Work to be completed:
Beginning with the line that has "新時代的布局策略: 債券已不" and ending with the line that has "制动液与普通玻璃按成分,可分为", retype the entries below exactly, except for the pictures.

[[ Records shown open ]]

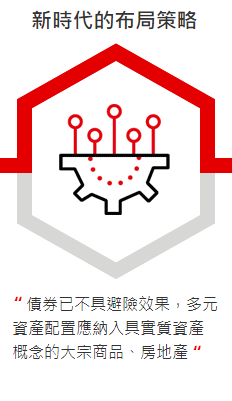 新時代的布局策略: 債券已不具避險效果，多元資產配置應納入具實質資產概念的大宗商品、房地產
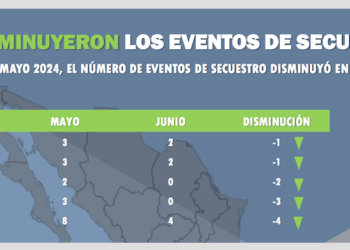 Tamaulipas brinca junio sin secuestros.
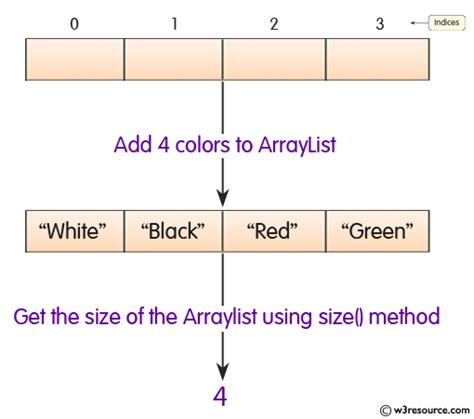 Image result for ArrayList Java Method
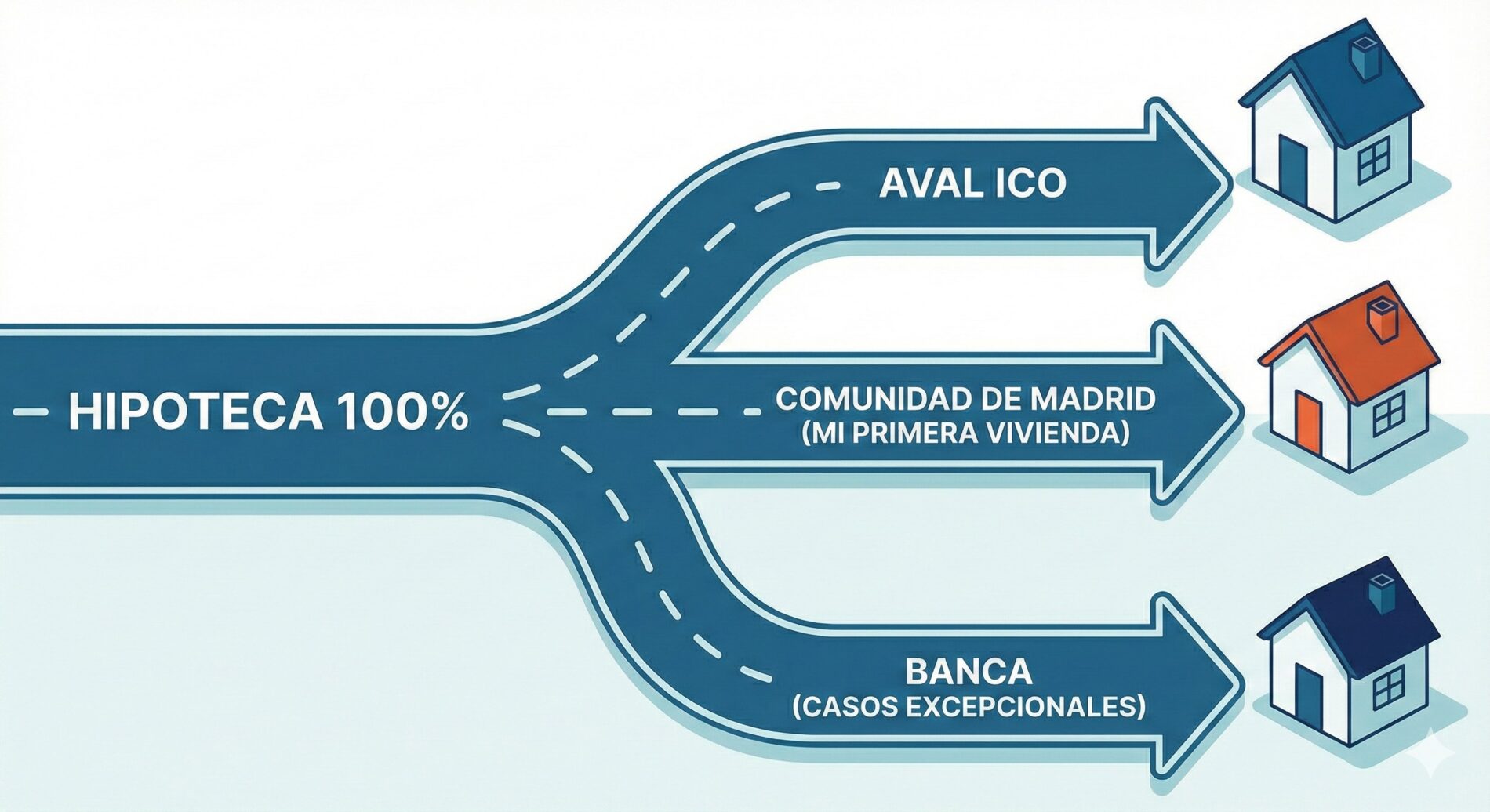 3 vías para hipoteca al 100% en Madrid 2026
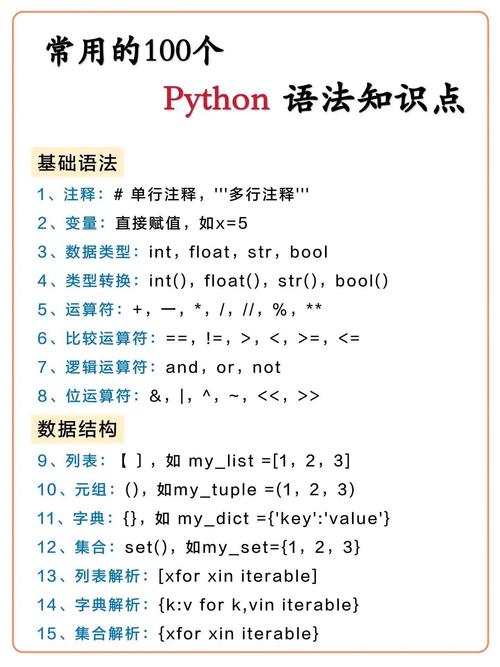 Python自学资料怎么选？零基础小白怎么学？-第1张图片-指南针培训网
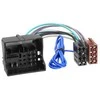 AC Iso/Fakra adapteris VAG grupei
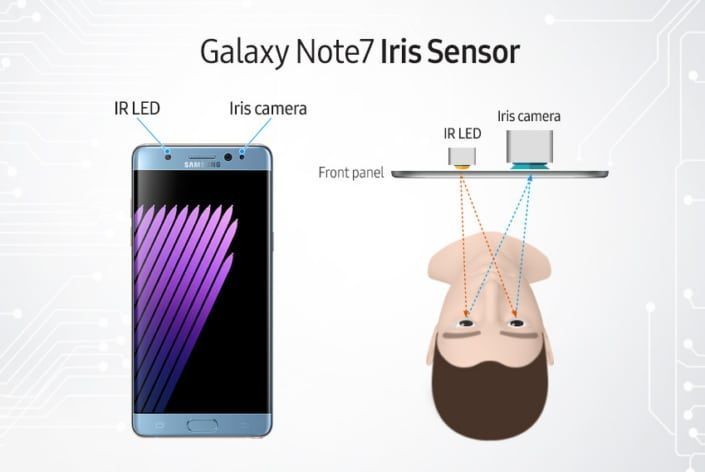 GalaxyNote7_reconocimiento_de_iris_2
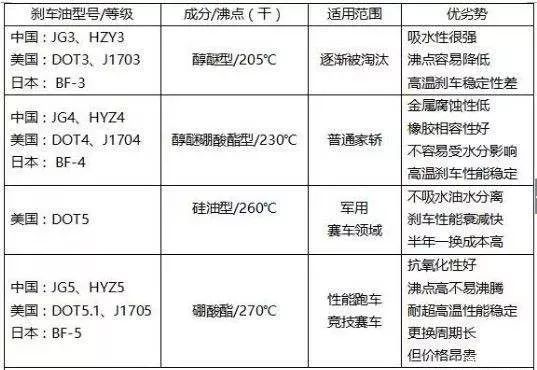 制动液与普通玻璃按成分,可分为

[[ Records shown closed ]]
[[ Records shown open ]]

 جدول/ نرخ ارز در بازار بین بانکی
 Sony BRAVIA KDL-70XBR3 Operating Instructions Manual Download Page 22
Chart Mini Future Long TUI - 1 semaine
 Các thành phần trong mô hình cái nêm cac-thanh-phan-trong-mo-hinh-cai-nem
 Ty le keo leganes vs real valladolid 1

[[ Records shown closed ]]
[[ Records shown open ]]

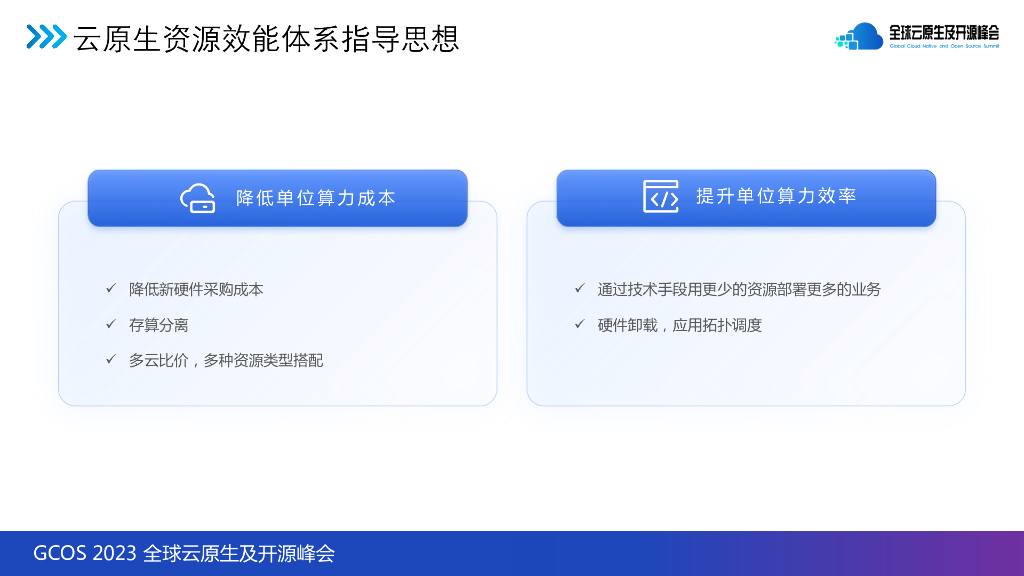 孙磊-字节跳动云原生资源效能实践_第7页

[[ Records shown closed ]]

Task solution:
 新時代的布局策略: 債券已不具避險效果，多元資產配置應納入具實質資產概念的大宗商品、房地產
 Tamaulipas brinca junio sin secuestros.
 Image result for ArrayList Java Method
 3 vías para hipoteca al 100% en Madrid 2026
 Python自学资料怎么选？零基础小白怎么学？-第1张图片-指南针培训网
 AC Iso/Fakra adapteris VAG grupei
 GalaxyNote7_reconocimiento_de_iris_2
 制动液与普通玻璃按成分,可分为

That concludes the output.